Camilla Veras Mota – Valor Econômico
SÃO PAULO - O descolamento entre os indicadores de atividade e emprego que marcou o ano passado não sobreviveu aos primeiros meses de 2015. Entre janeiro e maio os números do mercado de trabalho deixaram para trás o desemprego em mínimas históricas e o crescimento da renda média real na casa dos 3% e mostram, em alguns casos, desempenho pior do que nas crises de 2003 e 2009.
Desde fevereiro, o Cadastro Geral de Empregados e Desempregados (Caged) registra saldos negativos de vagas com carteira assinada no acumulado em 12 meses. Situação inédita na série disponibilizada pelo Ministério do Trabalho e Emprego (MTE), que começa em 1999, ele já soma perda de 593,4 mil empregos até maio.
Há sete meses, os salários de contratação apurados pelo registro têm caído em termos reais sobre o mesmo período do ano anterior - o que não ocorria desde outubro de 2003, quando o mercado formal vinha de uma longa sequência de quase dois anos de redução real da remuneração paga aos recém-admitidos.
Os salários de desligamento, ressalta o professor da FEA-USP Hélio Zylberstajn, crescem de forma contínua, mesmo descontada a inflação. A "boca de jacaré" formada pela trajetória das duas variáveis - a remuneração de admitidos em queda e o crescimento dos salários de desligamento -, comum em momentos de distensão do mercado de trabalho como o atual, representa um ajuste de custos significativo para as empresas, que estão substituindo funcionários "mais caros" e, consequentemente, um volume menor de renda disponível para o consumo.
Essa combinação de ajuste forte e simultâneo no emprego e nos salários não aconteceu nas crises de 2003 e 2009. Para Igor Velecico, do Bradesco, ela se deve em grande parte ao atual "processo de reconquista de credibilidade do Banco Central". Do ponto de vista macroeconômico, afirma, um "BC com credibilidade" consegue fazer com que os ajustes ocorram mais via preço - salários - do que quantidade - empregos. "Para isso ele terá que mostrar que fará o ajuste em quantidade hoje, para que, nos próximos ciclos, as expectativas façam o trabalho de convergência, que será mais via preço."
O professor do Instituto de Economia da UFRJ João Saboia salienta, contudo, que a atual política monetária, ao lado da política fiscal contracionista, tem forjado uma "conjuntura depressiva" que pode aprofundar a piora que já se previa para o mercado de trabalho e retardar sua recuperação.

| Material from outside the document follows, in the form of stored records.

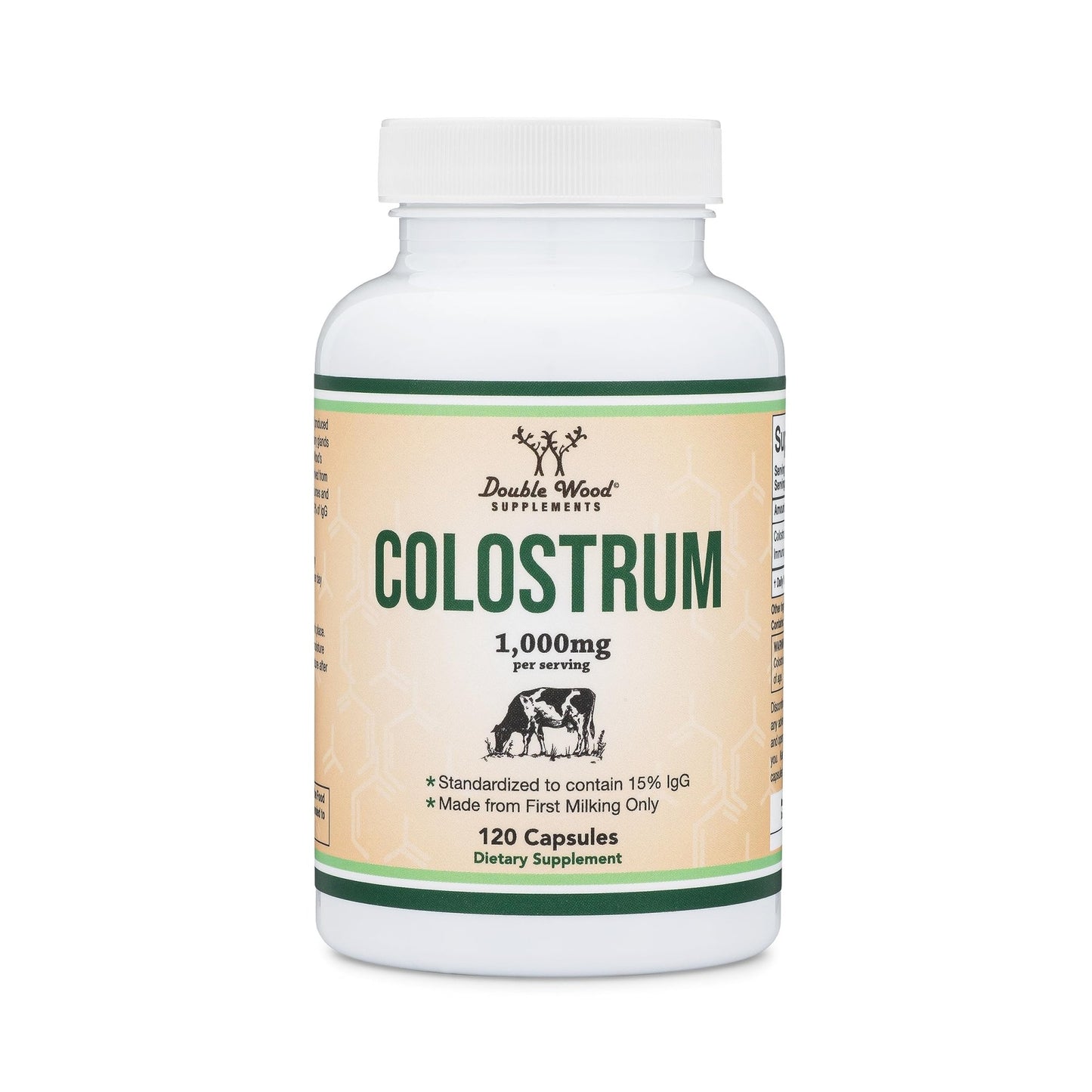 Colostrum Supplement 120 Capsules, 1,000mg per Serving (Bovine Colostrum Powder from First Milking Only, Std. to Contain 15% IgG Immunoglobulins) No Fillers - dailyvitalstore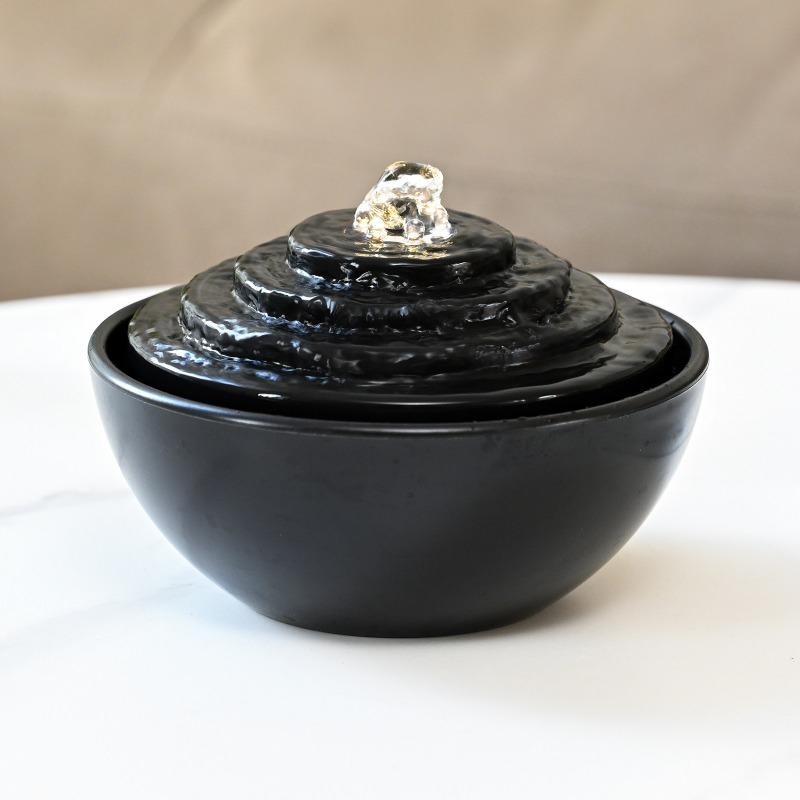 Fontana Compatta Minimalista a Cascata da Interno Soggiorno Scrivania Decorazione ad Acqua Ricircolante Accessorio Cascata Paesaggistica per Ufficio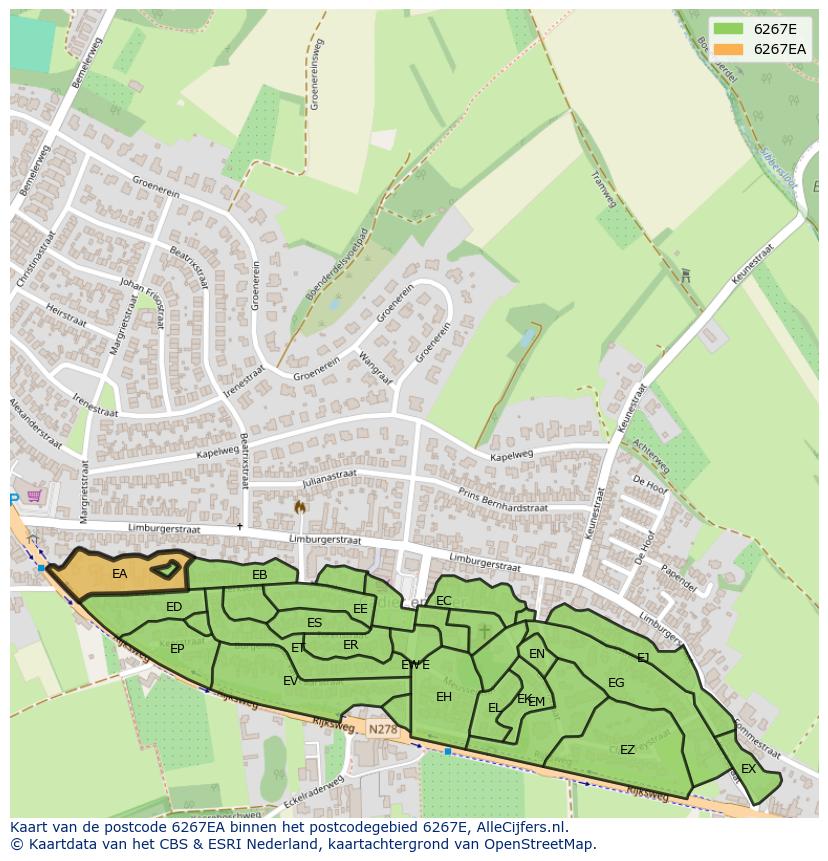 Afbeelding van het postcodegebied 6267 EA op de kaart.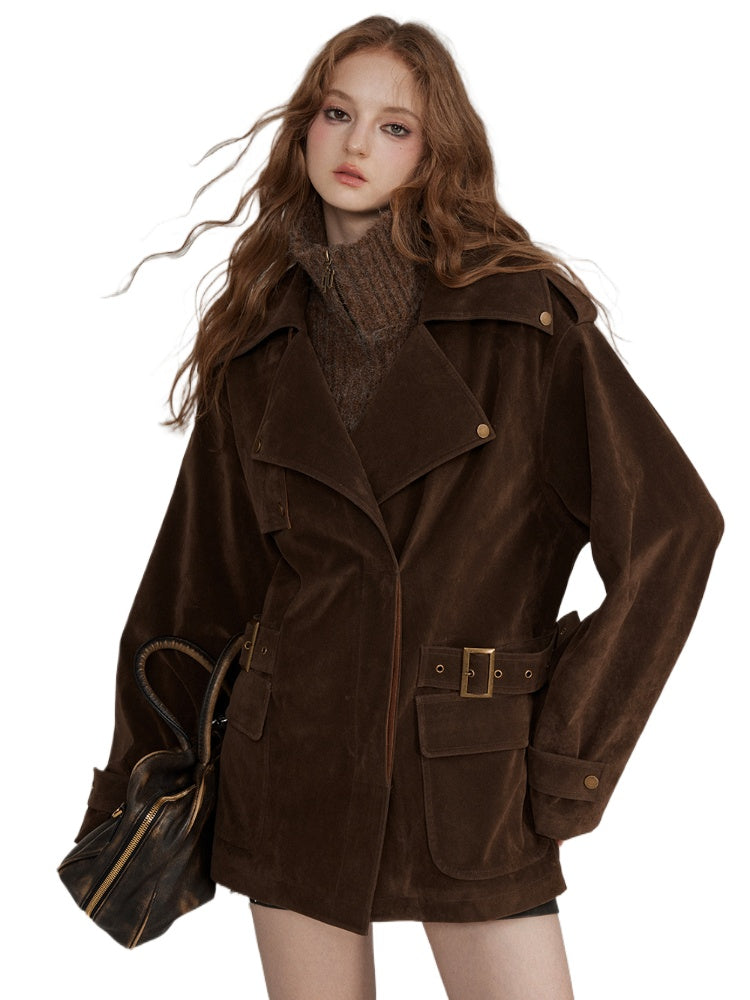 (Final Sale) Lapel Patchwork Velvet Coat - CHINASQUAD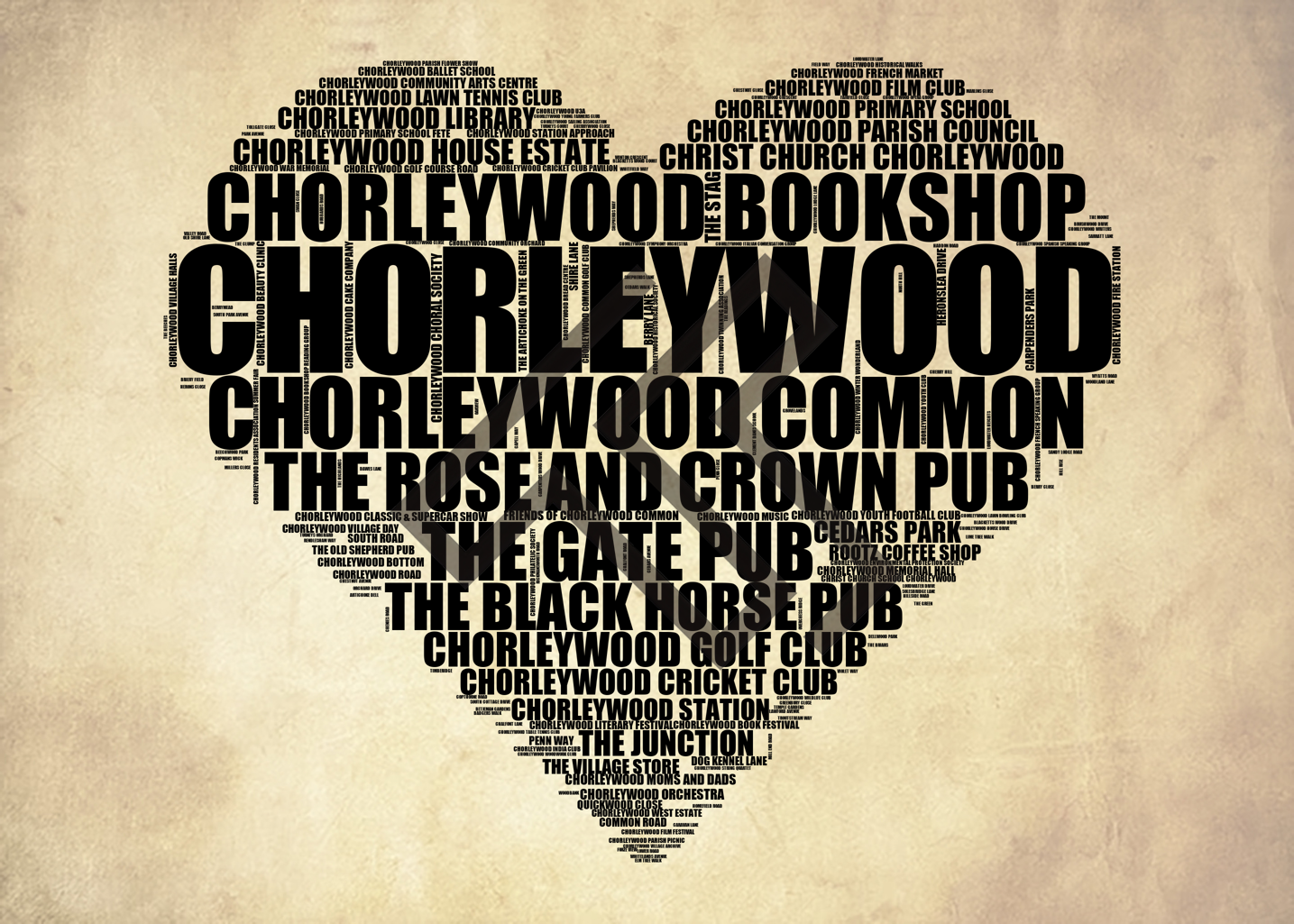 Chorleywood - Premium Typographic Word Cloud Prints, Posters & Gifts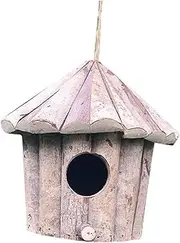 Parliky Wooden Bird House Rustic Round Design for Home Garden Decor Unique Artificial Nest for Creative Pendant Decoration for Weddings Parties Gardening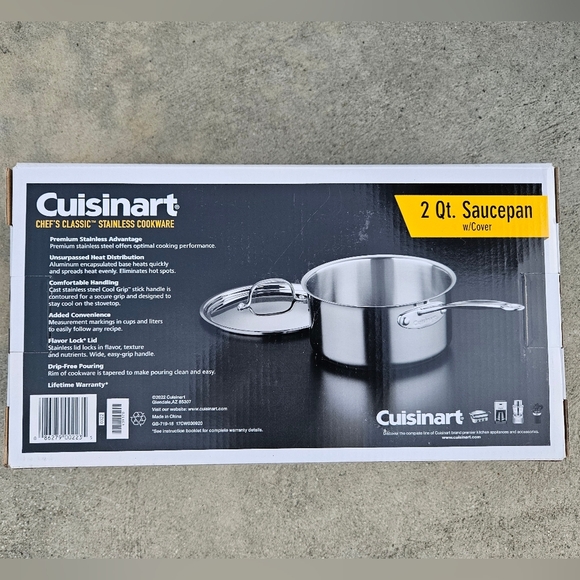 Cuisinart Chef's Classic Stainless Cookware 2 Quart Saucepan w/ Cover # 71918 - Picture 4 of 4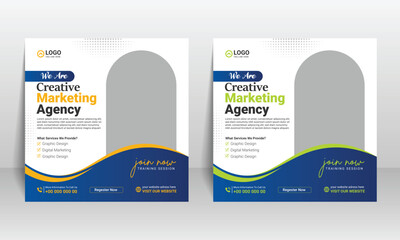 Creative digital marketing social media post design template. business promotion banner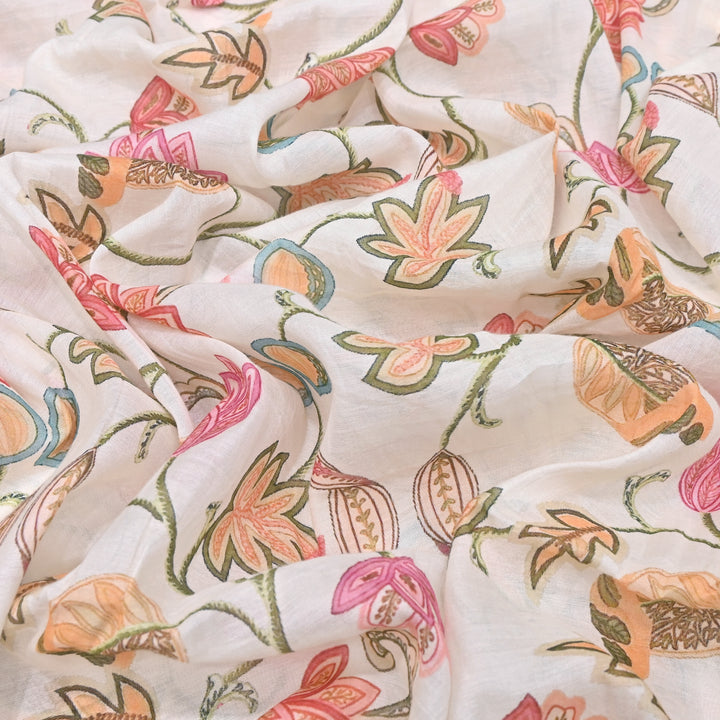 Mul Chanderi Digital Print Fabric - Soft Lightweight Designer Fabric GT0185-A3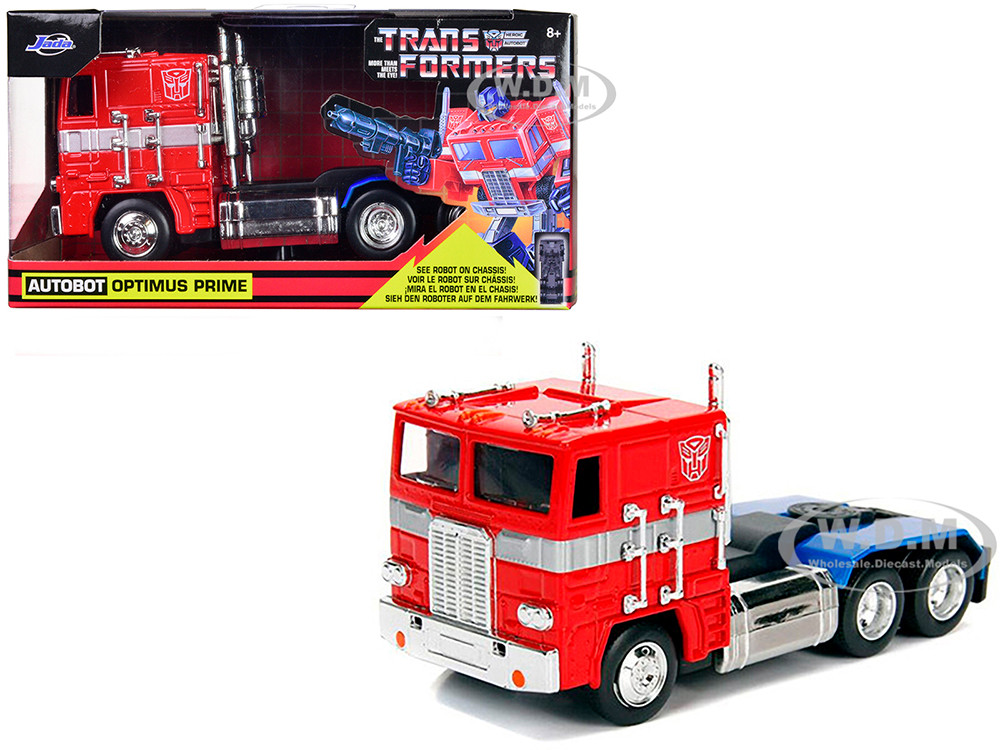 G1 Autobot Optimus Prime Truck Red with Robot on Chassis from "Transformers" TV Series "Hollywood Rides" Series 1/32 Diecast Model by Jada diecast model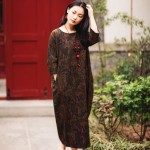 SCUWLINEN Vestidos 2017 Summer Dress Vintage Print Long Plus Size Linen Dress Casual Loose Print Robe Women Party Dress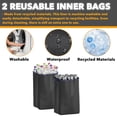 thumbnail image 3 of Recycling Bin with Lid and 2 Reusable Inner Bags, for Bottle Can Glass Plastic, Blue, 3 of 4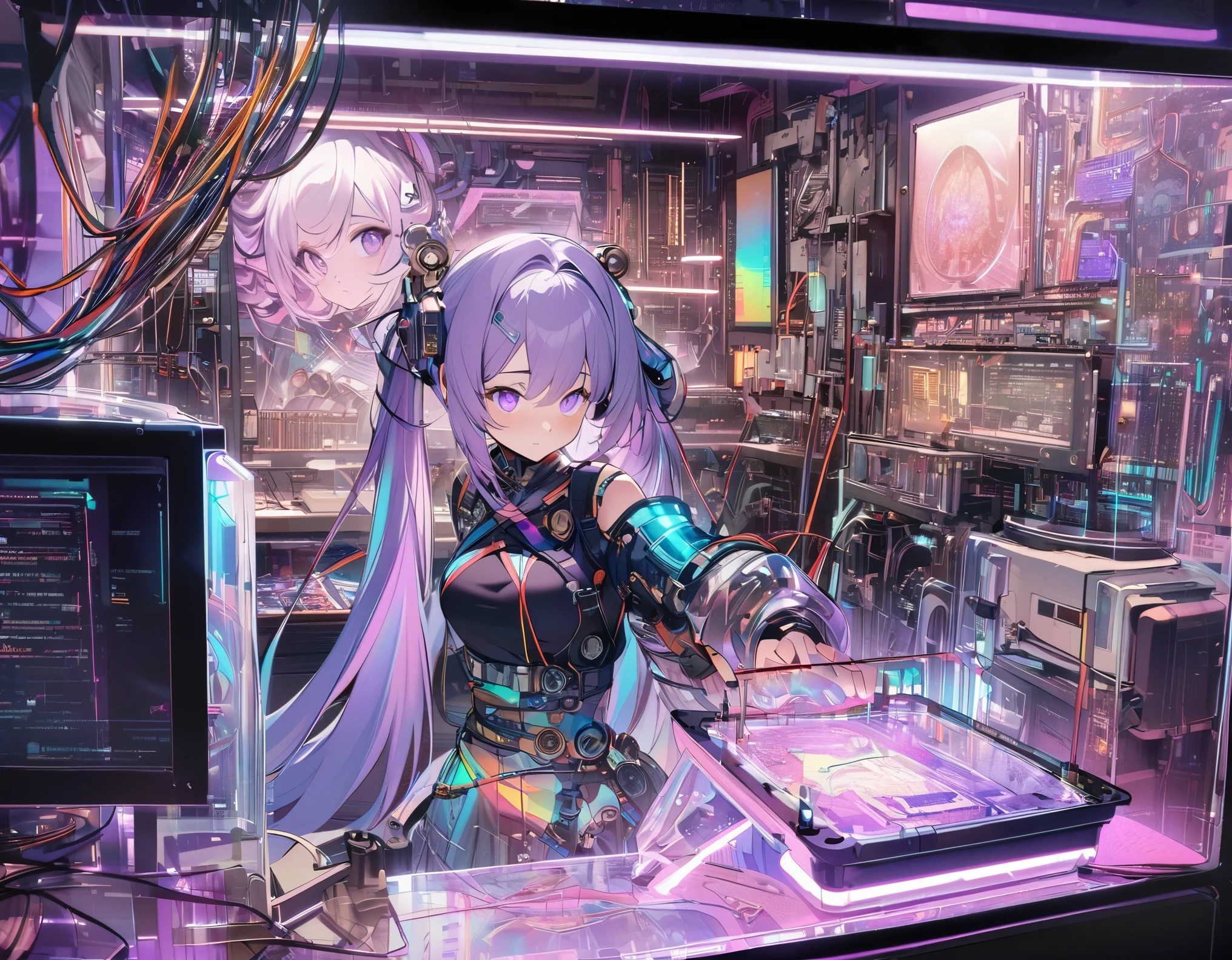 best quality, super fine, 16k, incredibly absurdres, extremely detailed, delicate and dynamic, (two beautiful female cyber warriors with purple eyes and braided low twin tails with gradient from white to purple at the ends:1.9), captivating look, aroused expression, stained glass kaleidoscope made of jewels of various colors, with mechanical mechanisms, clockwork mechanisms, and gear mechanisms, transparent translucent anatomy, iridescent neon colors wiring diagram and LED, X-ray made of transparent crystal, precision machinery inside, circuit boards, diagrams, complex and innumerable colorful cables, IC chips, resistors, capacitors, light-emitting diodes, timers, picture frame and background that mixes and fuses steampunk, dieselpunk, cyberpunk and clockpunk, analyzer room lab, various image effects, world artwork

Os números do Caged até maio sinalizam uma contração do Produto Interno Bruto (PIB) mais intensa do que os demais indicadores, segundo um exercício recente feito pelo Bradesco. No modelo do banco, onde a relação entre o PIB oficial e o "PIB sugerido pelo Caged" mantém-se razoavelmente estável desde 2003, as variáveis tradicionais apontam retração de 1,5% do PIB em 2015, ante queda de quase 5%, quando levado em conta apenas o registro de emprego.
Parte das demissões de 2015, para Fabio Silveira, da GO Associados, é também reflexo do "represamento" de 2014, quando, à espera do resultado das eleições e da realização dos jogos da Copa do Mundo, muitas empresas preferiram resguardar os quadros de funcionários.
No começo do ano passado, lembra o economista, as estimativas ainda esperavam crescimento de 2% do PIB. "Em 2015, houve uma confluência de cenários negativos: os ajustes, as divergências entre Executivo e Legislativo, a Lava-Jato e, agora, o risco de perda do grau de investimento. Vai levar um tempo até que a gente consiga sair do terceiro subsolo", completa.
Para Zylberstajn, da USP, o horizonte longo de recuperação do mercado de trabalho - pelo menos a partir de 2017 - faz deste um bom momento para que o governo estude a proposta de sindicatos e entidades patronais de flexibilização de salários e jornadas de trabalho. "As empresas poderiam reduzir as demissões e evitar os custos de recontratação quando a economia retomar."
Os recordes negativos também se acumulam na Pesquisa Mensal de Emprego (PME), do Instituto Brasileiro de Geografia e Estatística (IBGE). Além da queda forte da massa salarial em maio, a renda média real por trabalhador teve intensa retração no período. Entre dezembro e maio, a variação sobre o mesmo intervalo do ano anterior despencou de alta de 2,7% para queda de 3,6%, na série da média móvel trimestral.
Nesse intervalo, o aumento de 2,4 pontos percentuais na taxa de desemprego - de 4,3% para 6,7% - é a mais intensa em um intervalo de cinco meses desde 2003, quando começa o histórico do IBGE. Bancos e consultorias financeiras já estimam a taxa média de desocupação pelo menos 1,5 ponto percentual acima da média de 2014, de 4,8%, e ainda mais alta em 2016.